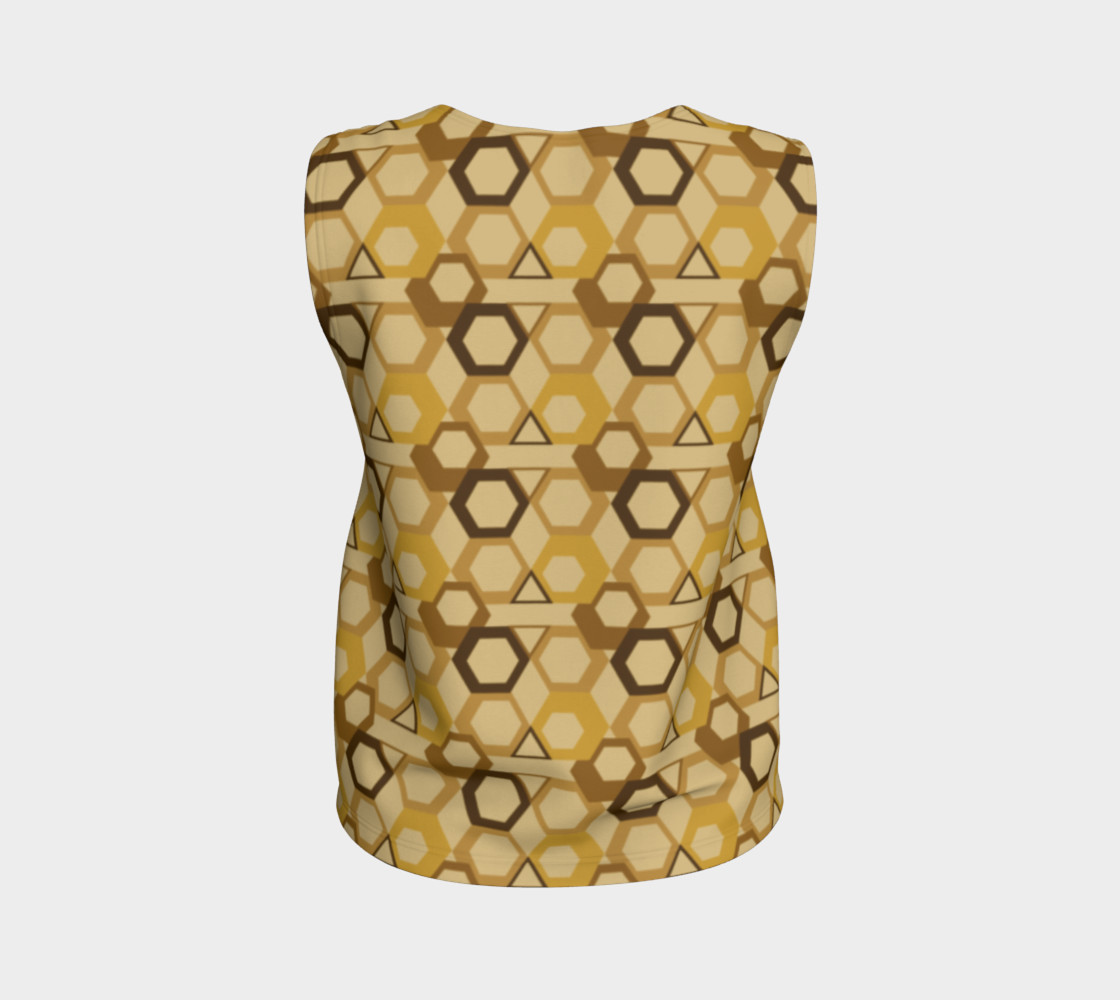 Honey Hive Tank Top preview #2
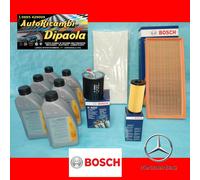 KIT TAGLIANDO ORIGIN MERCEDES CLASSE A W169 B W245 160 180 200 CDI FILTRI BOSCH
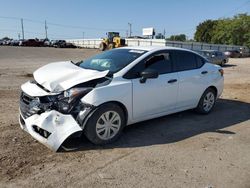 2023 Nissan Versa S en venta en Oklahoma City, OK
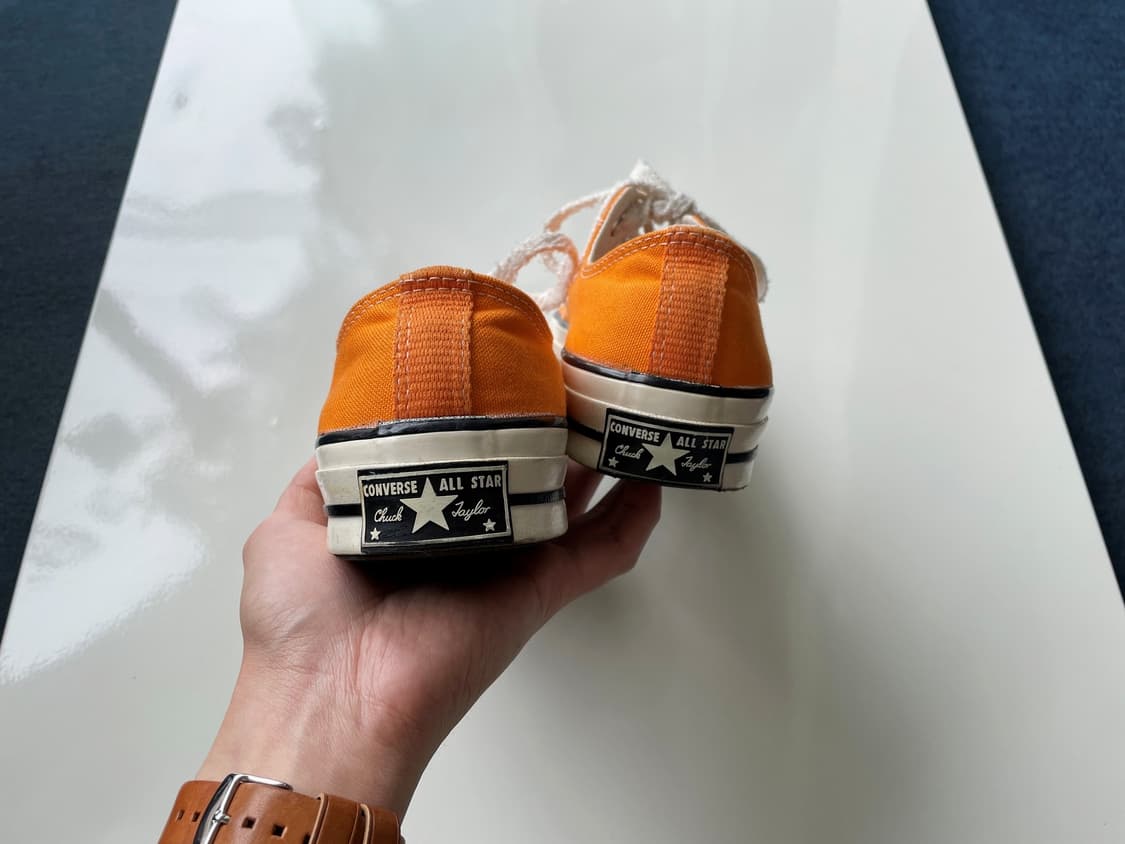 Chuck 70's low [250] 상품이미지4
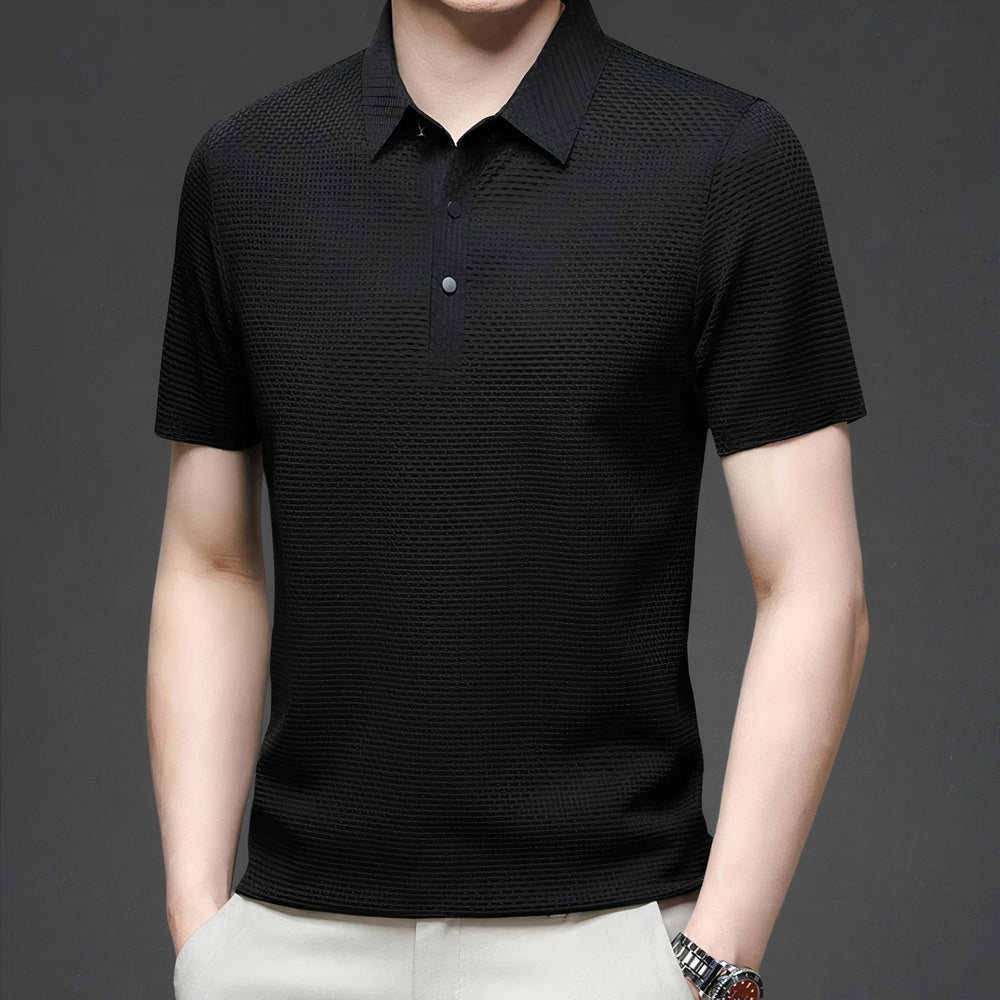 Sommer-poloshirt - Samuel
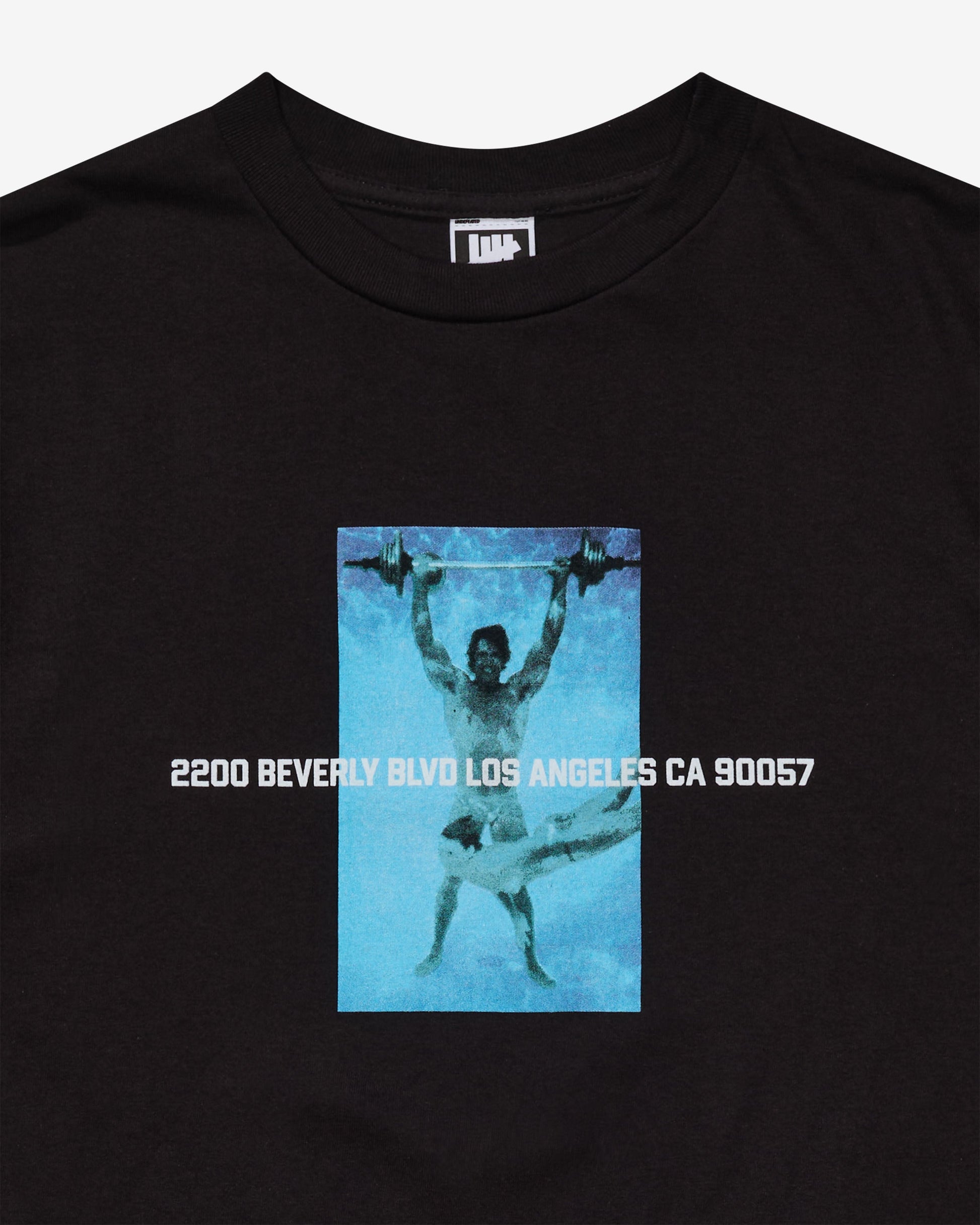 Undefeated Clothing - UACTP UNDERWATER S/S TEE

TASK INSTRUCTIONS:
The line containing "2023 Nissan Versa" and every line after it, through the end of the data, are to be output exactly. Omit the pictures.

RESULT BELOW:
 2023 Nissan Versa S en venta en Oklahoma City, OK
 Chuck 70's low [250] 상품이미지4
 Sommer-poloshirt - Samuel
 Undefeated Clothing - UACTP UNDERWATER S/S TEE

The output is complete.